Bunu kimseyi korkutmak, çekinmesini sağlamak amacıyla yazmıyorum. Evet bizler bilinçli irademiz, kader, iyi ve kötü kavramlar, ailevi altyapımız, epigenetik , morfogenetik vb faktörlerle kuşatıldığımız kadar, enerji alanımızda var olan pozitif veya negatif unsurlar ve onların getirileri ile de kuşatılmış vaziyetteyiz. Eğer negatif etkilerin yoğunluğuna rağmen, irade ile yaptığımız seçimler veya alanımızdaki ve kişisel tarihimizdeki olumlu etkilerden hareketle gelen güçle iyiyi seçebiliyorsak ne ala. Ancak tam tersi de olabilir.

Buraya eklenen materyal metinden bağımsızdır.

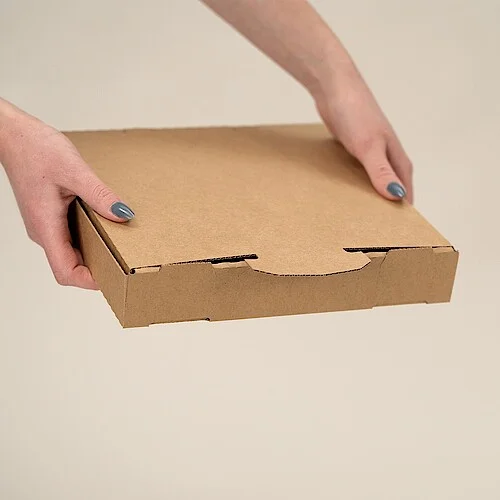 Hygienische und lebensmittelsichere Pizzabox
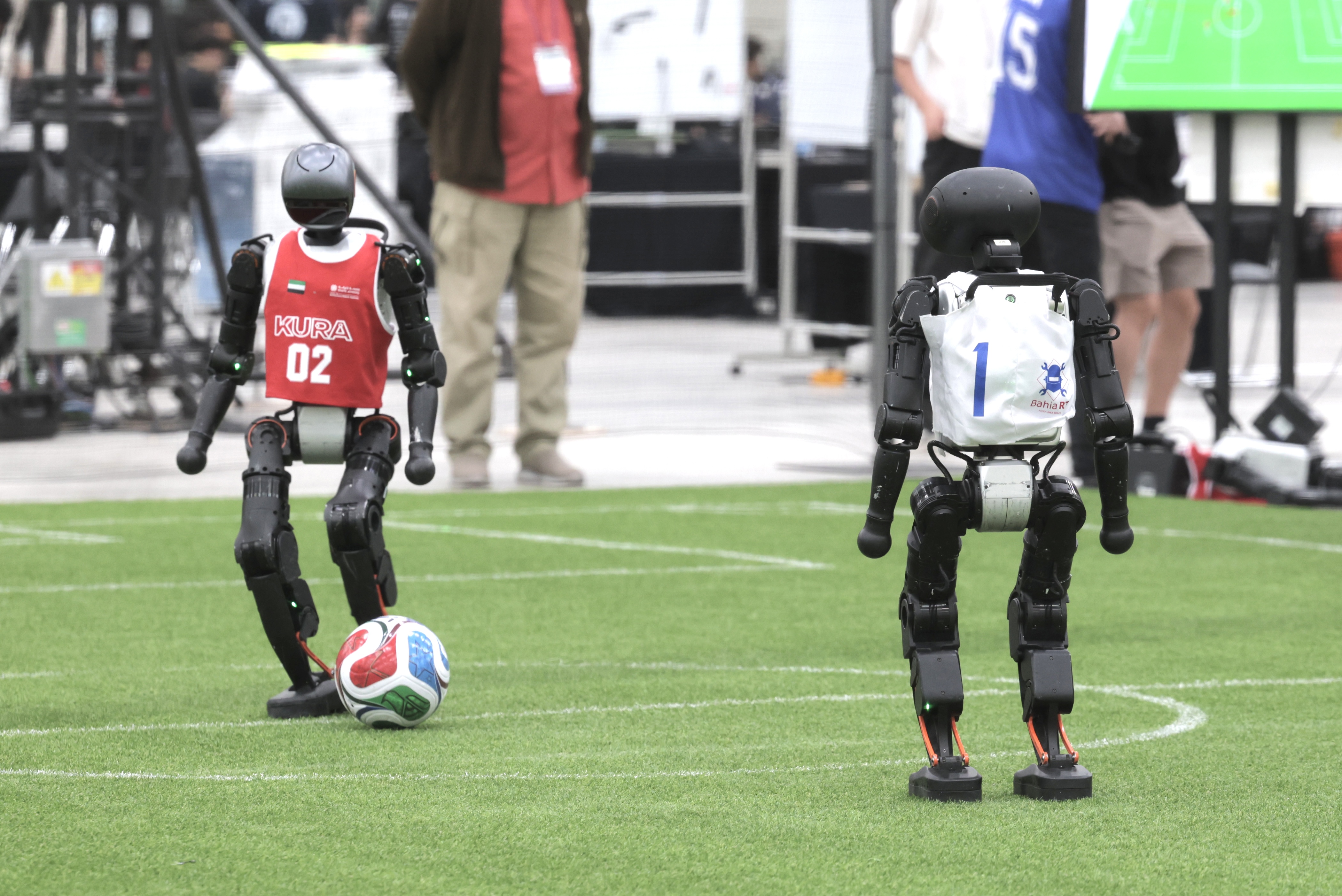 Varios robots disputan un partido de f&uacute;tbol, durante la 'RoboCup 2026', celebrado el 3 de julio, en el centro de convenciones Songdo Convensia, ubicado en el distrito de Yeonsu-gu, en Incheon.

Ne kimseden aldığımız negatif etkiyi bilebiliriz, ne de bizi bilinç düzeyinde etkilemese de bir başkasına verdiğimiz negatif etkinin farkında olabiliriz. İşte bu nedenle özellikle duygusal ve fiziksel anlamda hayatımıza aldığımız insanlar konusunda (dostlar, arkadaşlar ve en önemlisi tensel yakınlık kurduğumuz insanlar) özenli olmamız, negatif etkilere maruz kalma ve bırakma riskini en az seviyede tutmaya özen göstererek, ruhumuzu, canımızı ve alanımızı yormadan, kendimizi eksiltmeden yola devam edebilmek için dikkatli olmamız gerektiği bilgisi ve özeni ile devam edebilmeyi hepimiz için diliyorum.
Bana gösterdikleri ve deneyimleri, bilgileri, kalıpların dışında şifacı yönü ile Vildan hanıma bir kez daha binlerce teşekkür…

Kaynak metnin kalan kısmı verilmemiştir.